The discussion came during the PDC's budget presentation, about when officials were detailing how they would spend some $17 million in redevelopment money on various projects in the urban renewal area. The PDC is proposing just $1.9 million for affordable housing—a far smaller share than the 26 percent city guidelines require—and then nothing in future years.

At the same time, the PDC wants to spend $9 million this year on "Rose Quarter revitalization," followed by $11 million more spread over the next two years.

That vagueness, of course, was what Adams and others seized on when disputing the Oregonian. Votes on how to proceed in the Rose Quarter—and on Memorial Coliseum—are due in the next few months, they argued. Maybe only some of that money might be spent.

As Nick Fish, the city's housing commissioner, asked PDC's boss, Patrick Quinton: "We do not currently have a plan before us that would allocate any money for any particular project involving the coliseum?"

"Correct," Quinton replied.

But that doesn't mean there isn't the intent. As the O notes:

"There's deferred maintenance on the Memorial Coliseum, and the city is asking us to get involved," Julie Cody, the PDC's chief financial officer, said Tuesday. "We have made it very clear to assist with this level of rehabilitation, there would not be money available" for affordable housing. "City Hall is cognizant of that."

Also, what other kinds of capital projects in the Rose Quarter, after all, could reasonably command that kind of investment?

No one, of course, disputed the notion the PDC's budget would dramatically reduce affordable housing spending in the urban renewal area, and that money for "revitalization," no matter how it's parsed, would also increase dramatically.

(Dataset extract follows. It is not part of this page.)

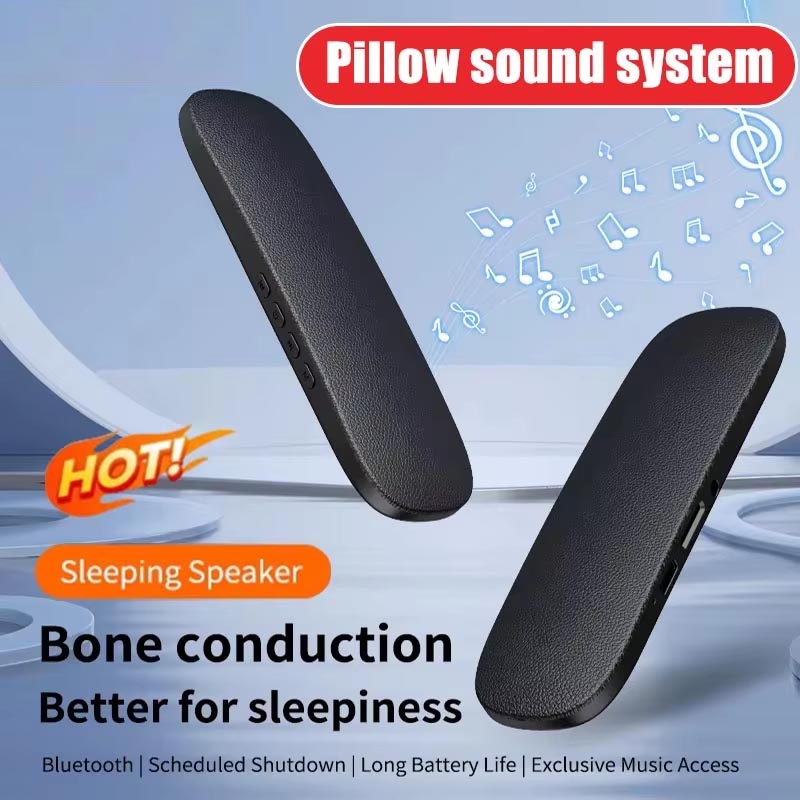 Bone Conduction Pillow Speaker Sleep Aid - 2026 Bone Conduction Sleep Speaker Bluetooth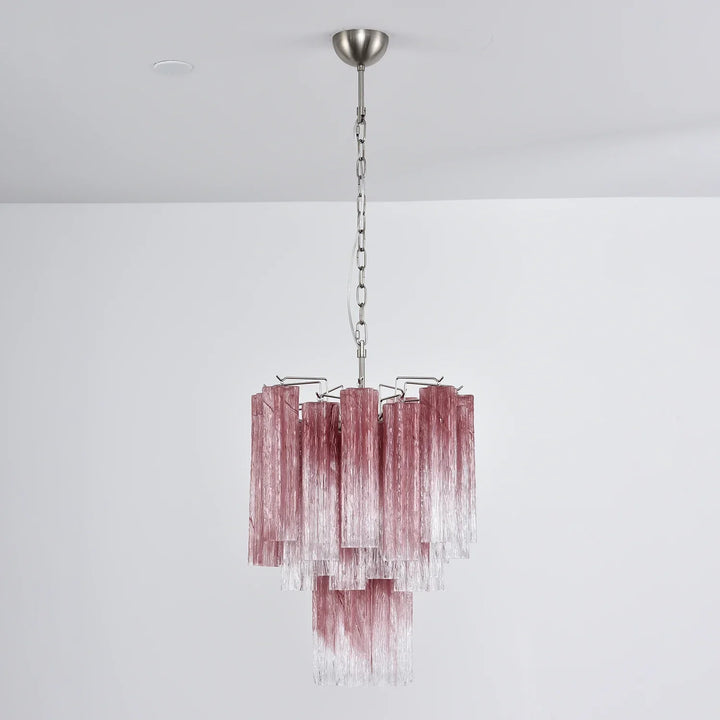 Star-Shaped Addis Ribbed Glass Chandelier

The mayor tried to fall back on the notion that the PDC was still spending more than 30 percent of its money on affordable housing across the whole city. He said that's primarily what the URA-specific targets are trying to get the city to do.

Fish, at least, insisted that the council have a substantive discussion about whether it makes sense to change policy in one area and, if so, should the council find $6 million more in another URA to keep the city's spending on housing from slipping even a little.

Here's why even that might not be good enough: Gentrification. By ignoring the district-specific targets, the city could concentrate affordable housing in certain areas and gentrify others. Honoring them means the city must ensure that its renewal efforts don't outprice everyone in a depressed neighborhood.

And if it works once, hell, why not do it again.